In the world of political correctness we all inhabit there are some brands and corporations that are just much more woke than others.
While certain companies have absolutely no problem alienating a percentage of their potential customer base because their political values don’t line up with what the company is standing for, the question of whether that makes good or bad business sense has to be asked.
So, what about the politically active companies like Twitter, Disney, Facebook, Delta and Target to name a few? Is there a way to make money on the market if you disagree with these companies philosophies?
We’re about to find out.
There is what’s called a “conservative ETF” which is designed to boycott companies they view as “hostile” because their liberal agenda.
The official name is The American Conservative Values ETF, it’s a exchange-traded fund designed to track the market while boycotting companies that outwardly advance left-wing causes.
Some of the companies being boycotted are Twitter, Nike, Disney Goldman Sachs, Amazon, Delta Airlines, Facebook and Google.
A story in Business Insider reported that so far this ETF has gained 9.1% since January 20 when Joe Biden took office. That outperforms the 8.7 gain overall in the S&P 500 during that same time.

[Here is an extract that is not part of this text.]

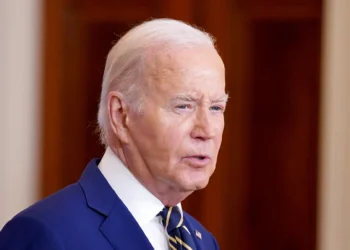 Biden abandona la carrera presidencial y pide el voto para Kamala Harris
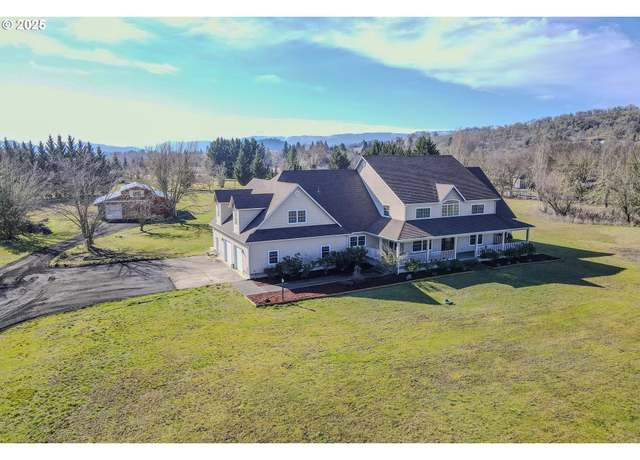 Property at 3181 Fisher Rd, Roseburg, OR 97471, 4 beds, 4.5 baths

The man behind the fund is Bill Flaig, CEO of Ridgeline Research. He acts as the investment advisor for this ETF, and told Innside the reason he launched the fund is to allow conservative investors something they could feel good about and not pump their money into liberal companies whose philosophies they don’t agree with. “Our goal is to balance the advocacy of boycotting and still maintain predictable, large cap performance.”